# forum upgraded to use HTTPS



## TUGBrian (Oct 10, 2017)

we recently updated the forum to now utilize https by default, please please let us know if you run into any issues with browsing the forums or any errors or anything for that matter that seems out of the ordinary.

thanks!


----------



## davidvel (Oct 11, 2017)

Working!


----------



## TUGBrian (Oct 11, 2017)

ok, took a bit longer than I thought...but all connections to the forums should now default to use https..and thus our forums are secure!

as mentioned above, if you encounter anything wonky...please post (and if you cant post, email me at tug@tug2.net)


----------



## pedro47 (Oct 11, 2017)

No problems as of 6:55 AM.


----------



## Passepartout (Oct 11, 2017)

Thanks Brian! I never would've noticed it if you didn't point it out. All's well.

Jim


----------



## TUGBrian (Oct 11, 2017)

yea if we do it right...nothing at all should change as far as the end user is concerned!

however google started penalizing sites that did not do this in search result rankings...and also with the browser warnings in chrome.  thankfully it wasnt all that big of a deal to reconfigure the forum!


----------



## DaveNV (Oct 11, 2017)

It's good to go at my house. 

Dave


----------



## Jaybee (Oct 15, 2017)

Never let it be said that Tug is not up-to-date.
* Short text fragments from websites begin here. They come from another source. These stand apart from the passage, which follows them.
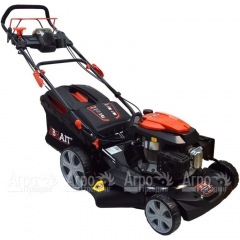 Газонокосилка бензиновая Brait BLM3350SE PRO в Архангельске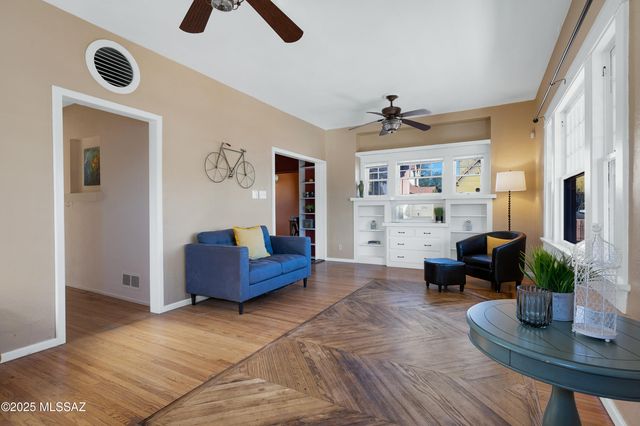 1045 N 3rd Avenue, Tucson, AZ 85705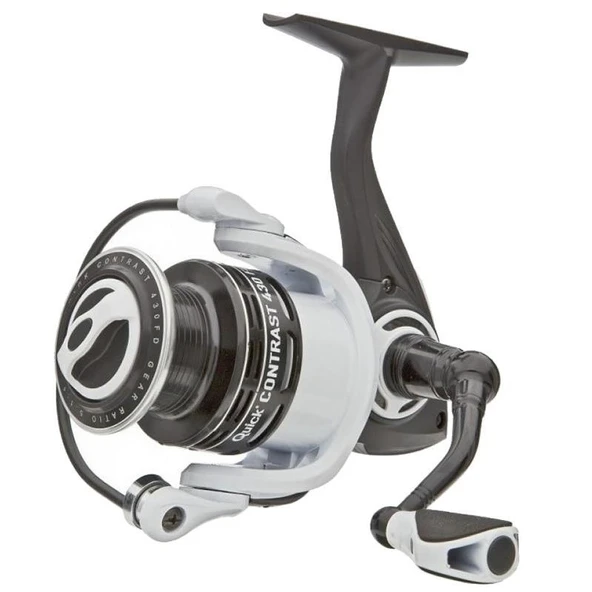 DAM Quick Contrast 440 FD Spin Olta Makinesi ürün görseli 1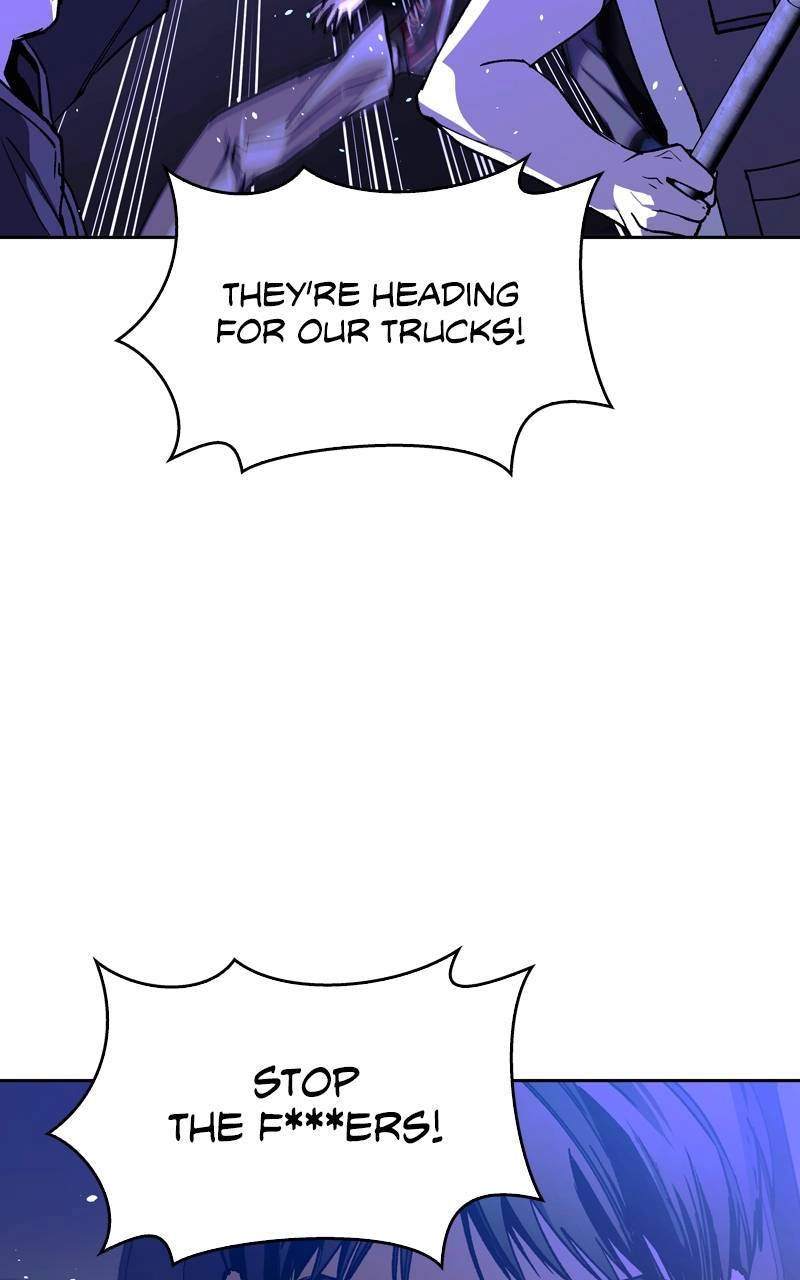 The End is a Game to Me1 Chapter 73 - Page 17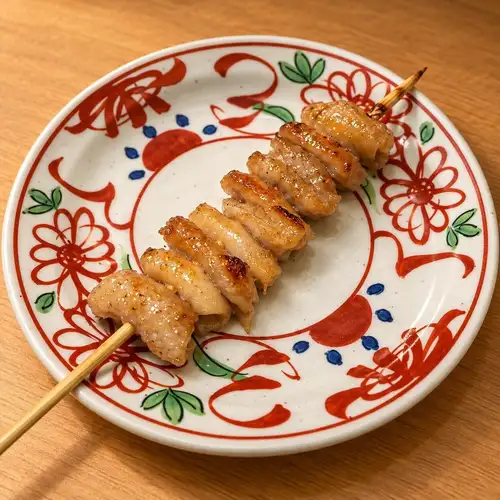 Suigo 红鸡皮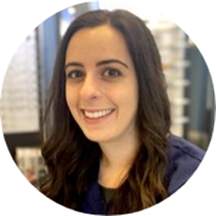 Dr. Pamela Nardella, OD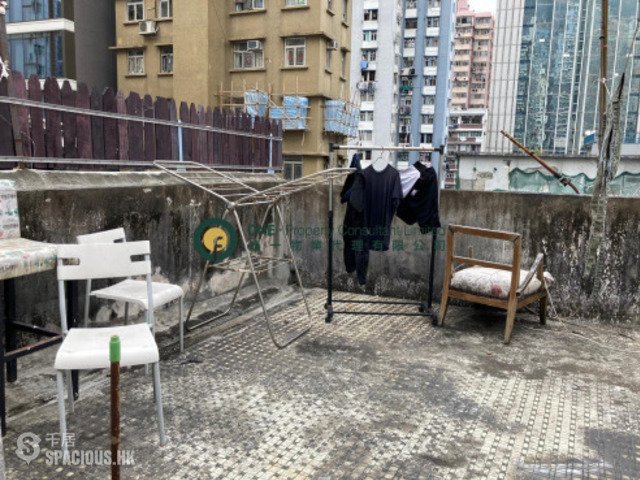 Sai Ying Pun - 368-370, Queen's Road West 01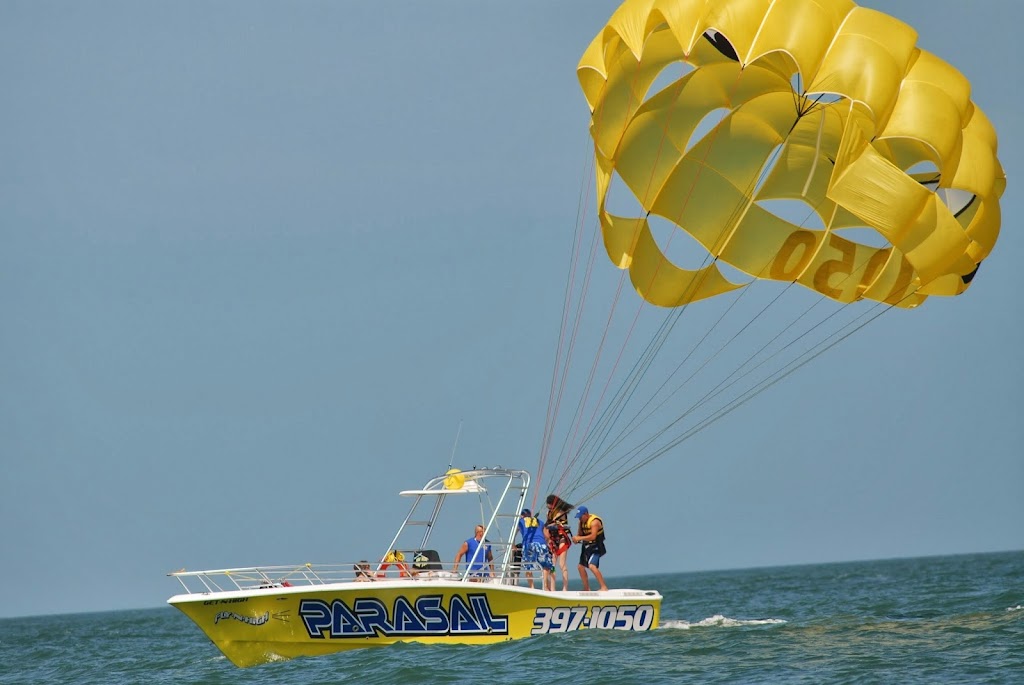 Fly-N-High Waverunners | 207 Boardwalk Pl E, Madeira Beach, FL 33708, USA | Phone: (727) 397-1050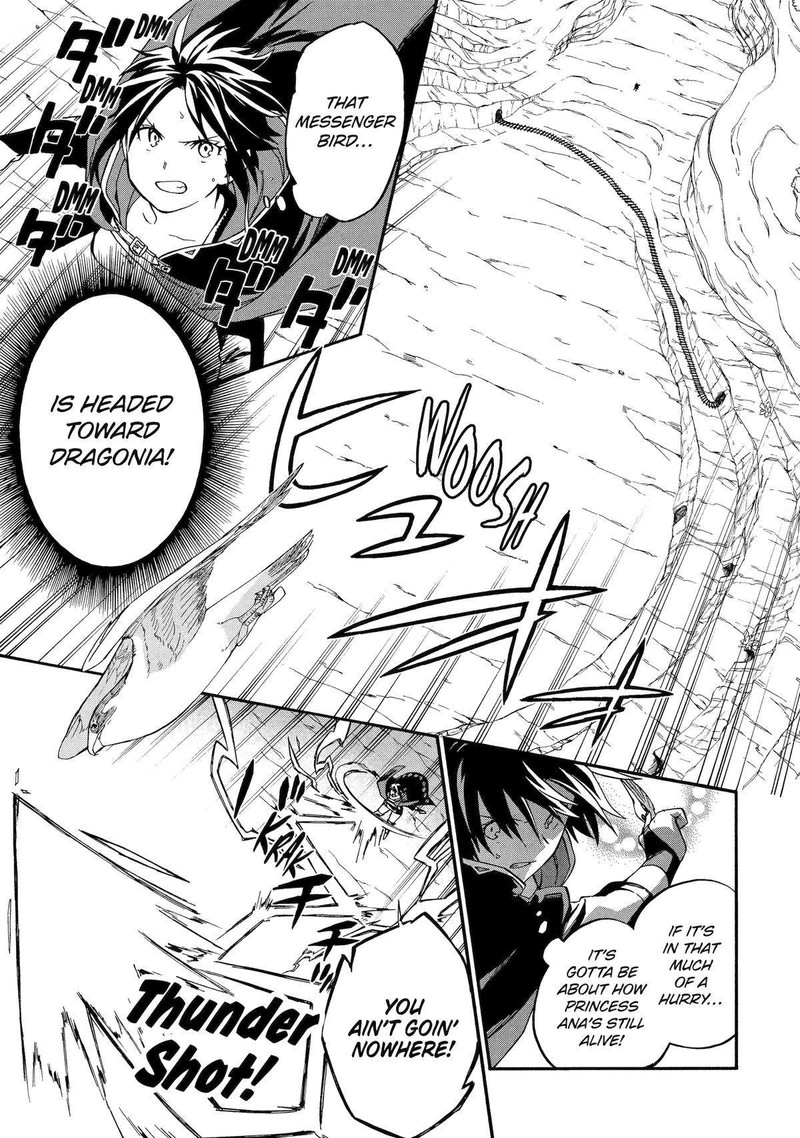 Ossan Boukensha Kein No Zenkou 47 5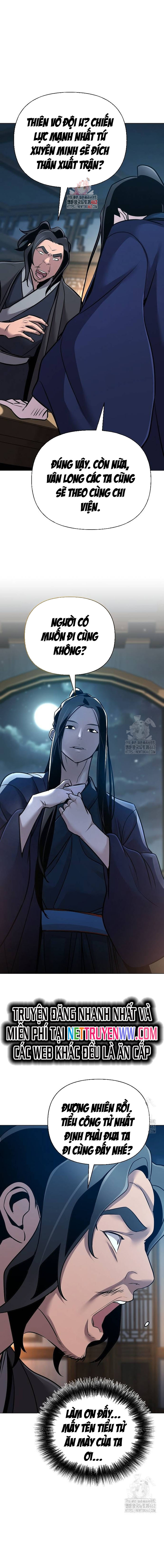 Tiểu Tử Đáng Ngờ Lại Là Cao Thủ Chapter 63 - Trang 2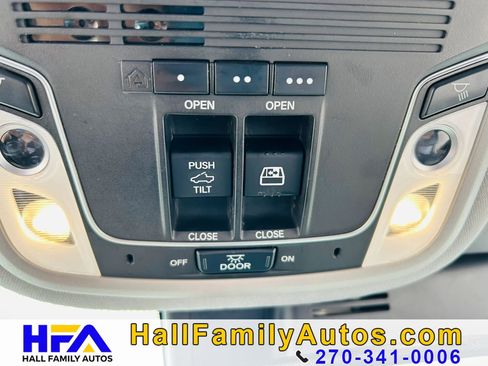 Used 2017 Honda Ridgeline RTL-E image 32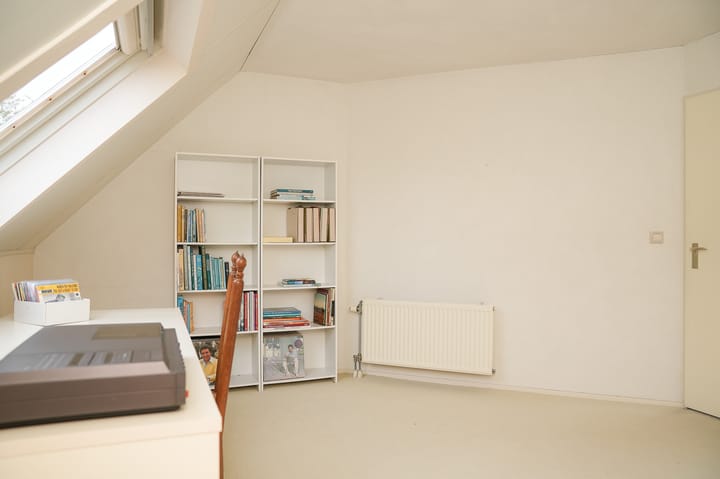 Foto 35 van Kruiwiel 18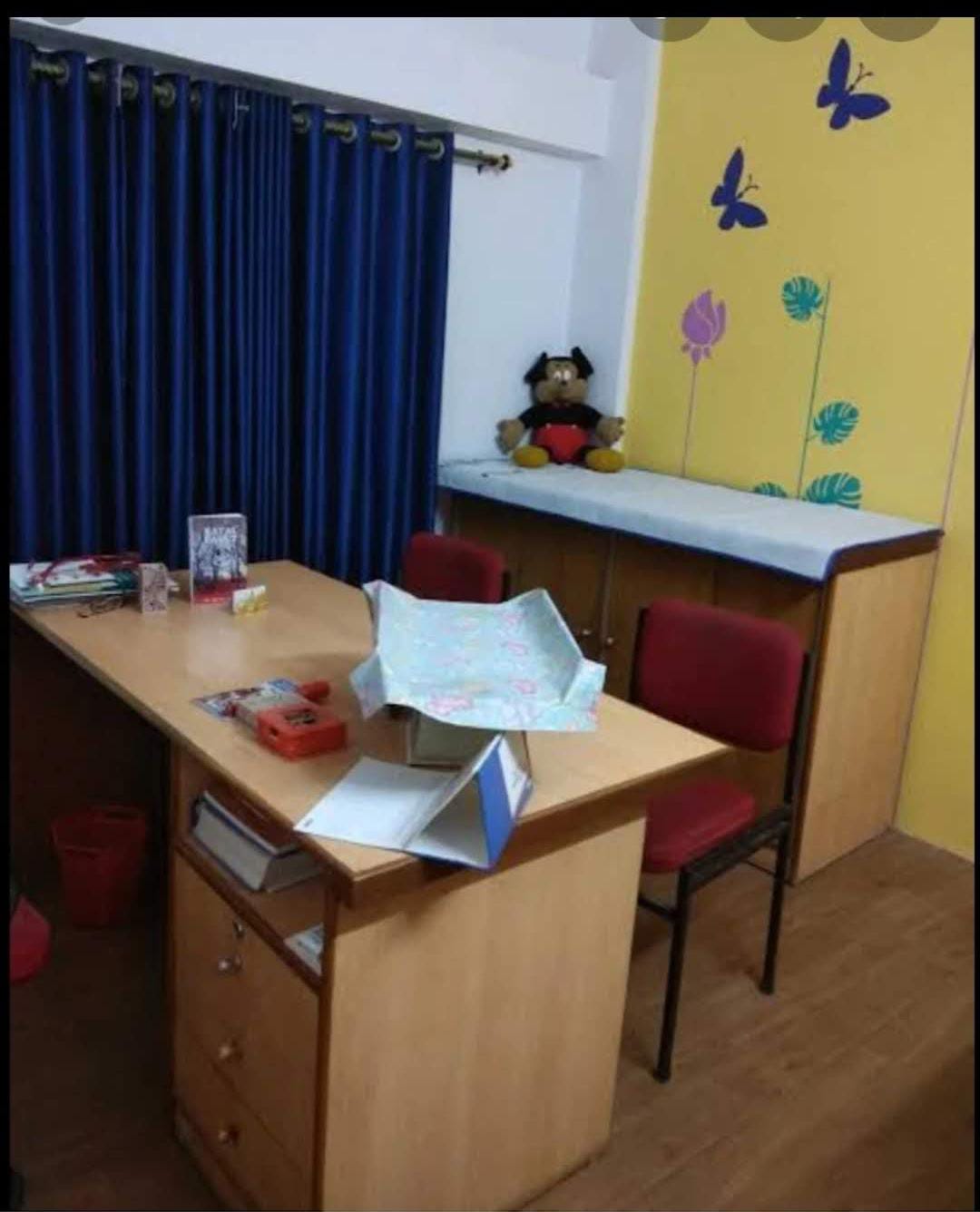 Online Consultation - 1925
Thanks, Brian!


----------



## rfc0001 (Jan 9, 2018)

TUGBrian said:


> we recently updated the forum to now utilize https by default, please please let us know if you run into any issues with browsing the forums or any errors or anything for that matter that seems out of the ordinary.
> 
> thanks!


Glad to see this .

I would also recommend enabling Image Proxy in XF to avoid mixed content warnings:





Convert Image XF Add-on (and Convert Image All for existing posts) also are good for avoiding mixed content warnings since they convert all hotlinked images to Attachments and avoid broken image links down the road.  You'll still need to proxy images since you'll have a handful of http images in people's signatures.


----------